WORK ORDER
Please copy the data below exactly; none of the pictures in it belong in the copy.

LISTED ENTRIES

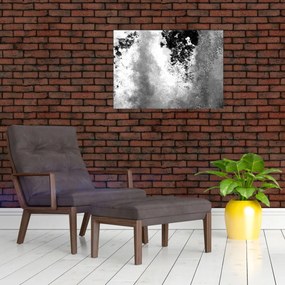Sklenený obraz - Šrafovanie (70x50 cm)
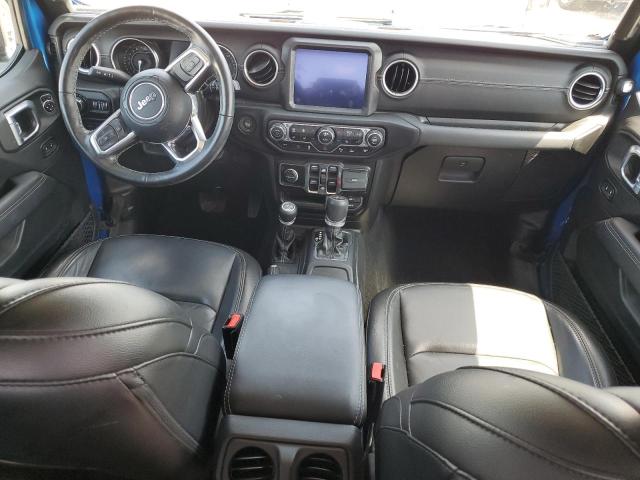 1C4JJXP60MW839265 - 2021 JEEP WRANGLER U SAHARA 4XE BLUE photo 8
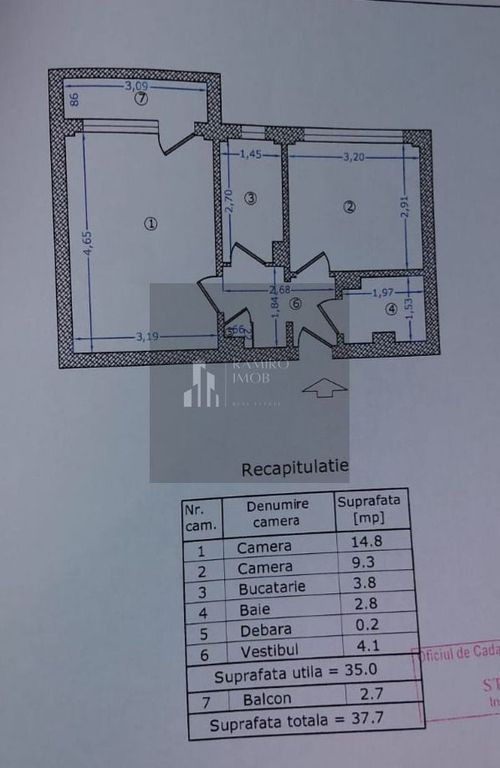 APARTAMENT 2 CAMERE, BRANCOVEANU, DE RENOVAT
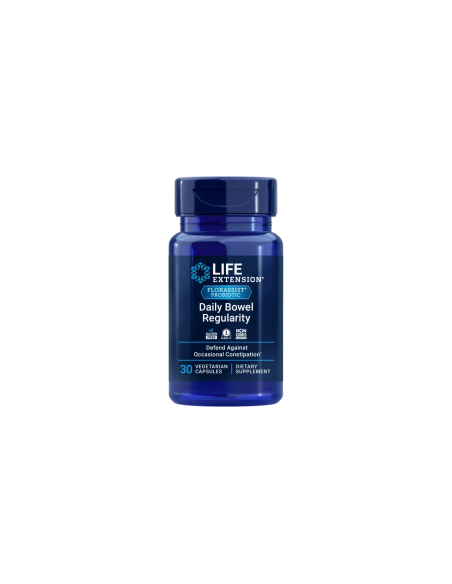FLORASSIST® Daily Bowel Regularity - 30 vegetarian capsules | Life Extension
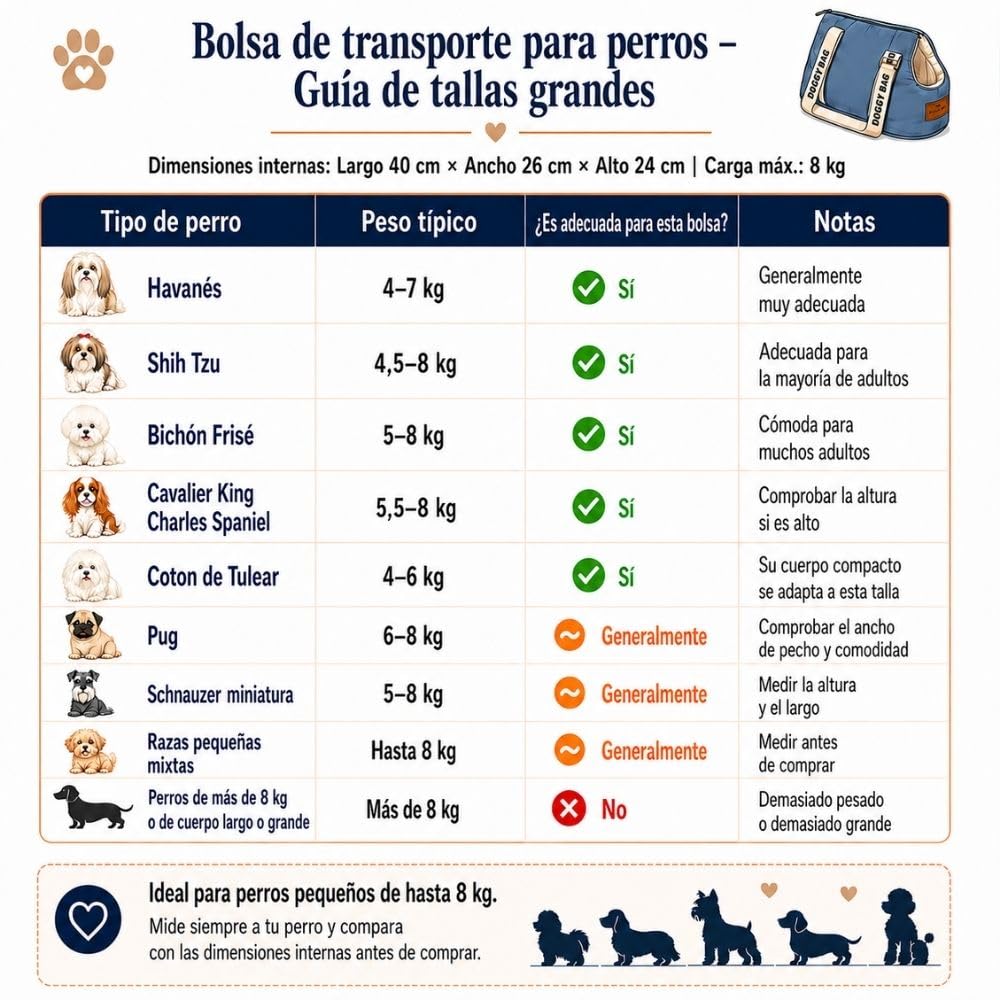 Bolsa transportadora para Perros pequeños con Cama de Viaje | Tails of Glory: transportín para perros y gatos, cómodo para viajes y desplazamientos diarios.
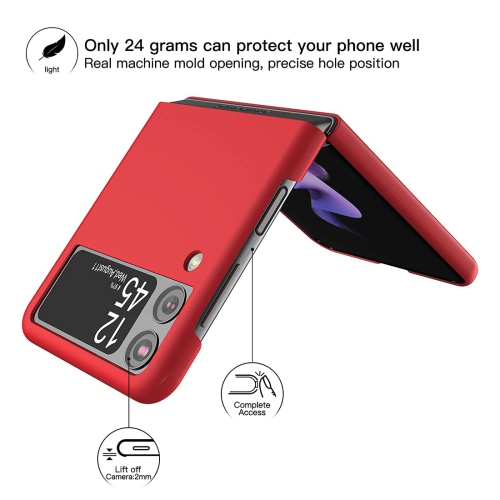 Feitenn for Samsung Galaxy Z Flip 3 Case,Slim Thin Z Flip 3 PC Case,Shockproof Durable Protective Case for Galaxy Z Flip 3 (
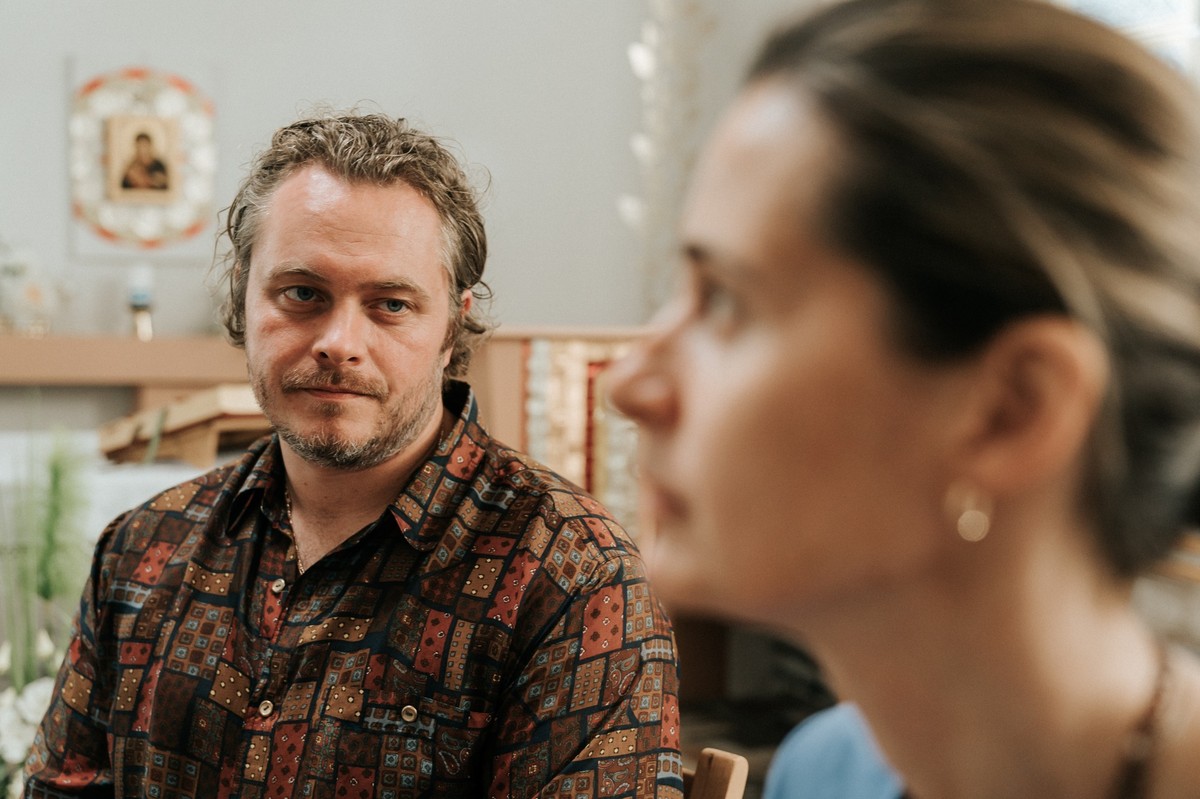 Tomasz Schuchardt i Agnieszka Grochowska w filmie "Brat"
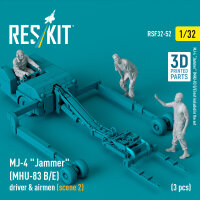 MJ-4 Jammer (MHU-83 B/E) driver & airmen (scene 2) (3...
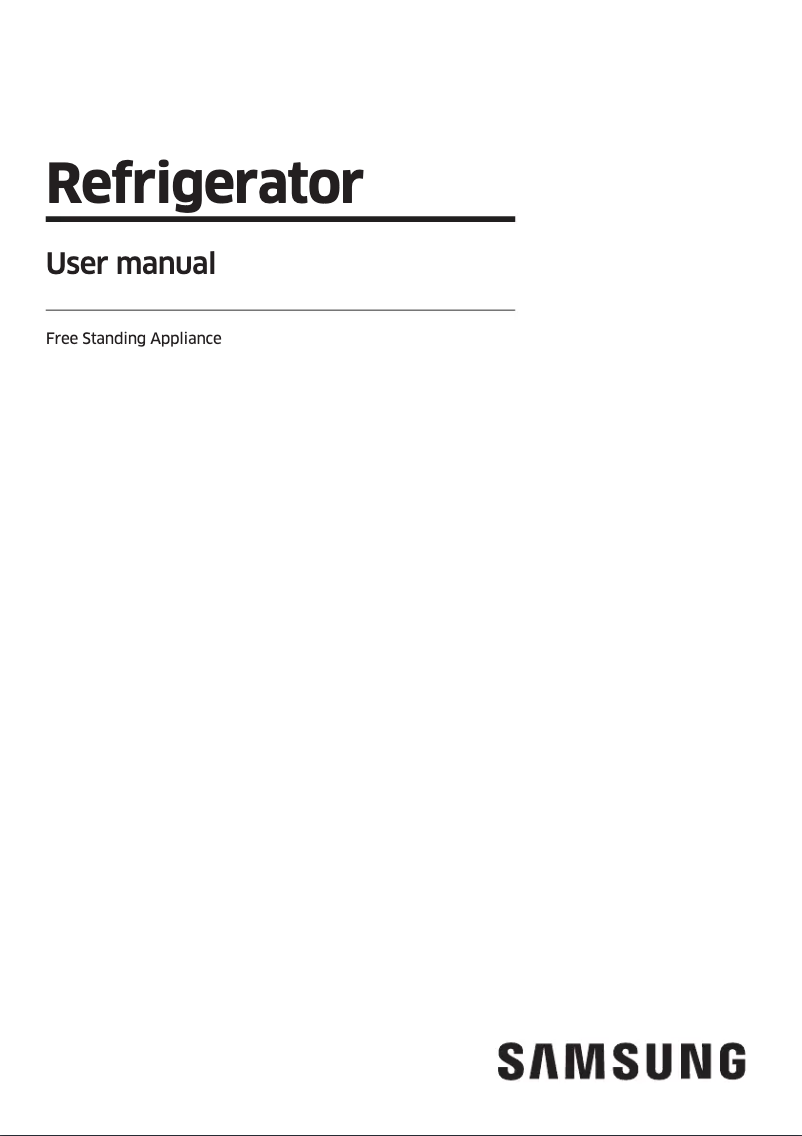 Página 1 del manual Manual de usuario Samsung RF65DG960ESR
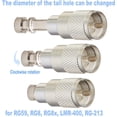 thumbnail image 2 of ProTrucker PTRG58-100 Roll UHF Coax PL-259 Connectors CB Radio Ham Antenna, 2 of 7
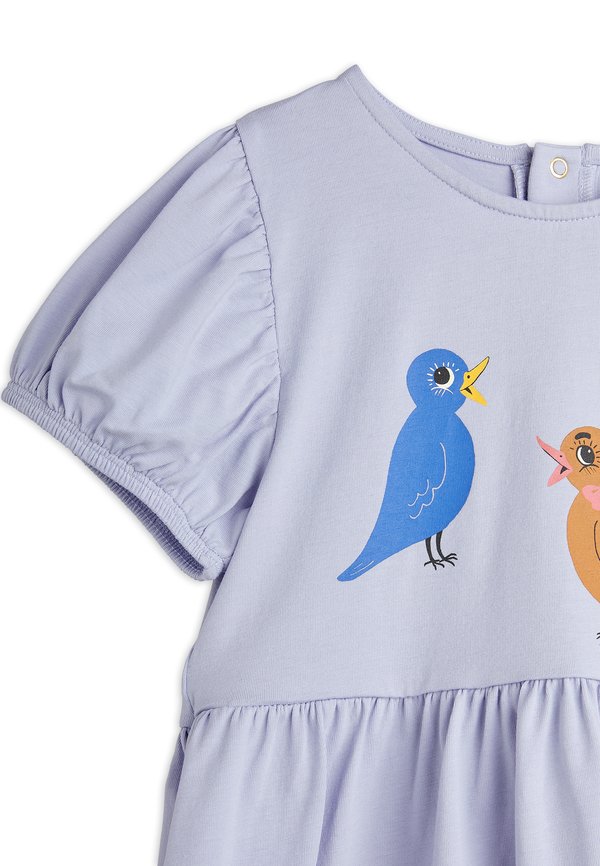 BIRDS DRESS - Jersey dress - purple3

ANSWER TO THE EXERCISE
Sklenený obraz - Šrafovanie (70x50 cm)
 1C4JJXP60MW839265 - 2021 JEEP WRANGLER U SAHARA 4XE BLUE photo 8
 APARTAMENT 2 CAMERE, BRANCOVEANU, DE RENOVAT
FLORASSIST® Daily Bowel Regularity - 30 vegetarian capsules | Life Extension
 Bolsa transportadora para Perros pequeños con Cama de Viaje | Tails of Glory: transportín para perros y gatos, cómodo para viajes y desplazamientos diarios.
 Feitenn for Samsung Galaxy Z Flip 3 Case,Slim Thin Z Flip 3 PC Case,Shockproof Durable Protective Case for Galaxy Z Flip 3 (
 Tomasz Schuchardt i Agnieszka Grochowska w filmie "Brat"
 MJ-4 Jammer (MHU-83 B/E) driver & airmen (scene 2) (3...
 Página 1 del manual Manual de usuario Samsung RF65DG960ESR
 thumbnail image 2 of ProTrucker PTRG58-100 Roll UHF Coax PL-259 Connectors CB Radio Ham Antenna, 2 of 7
 BIRDS DRESS - Jersey dress - purple3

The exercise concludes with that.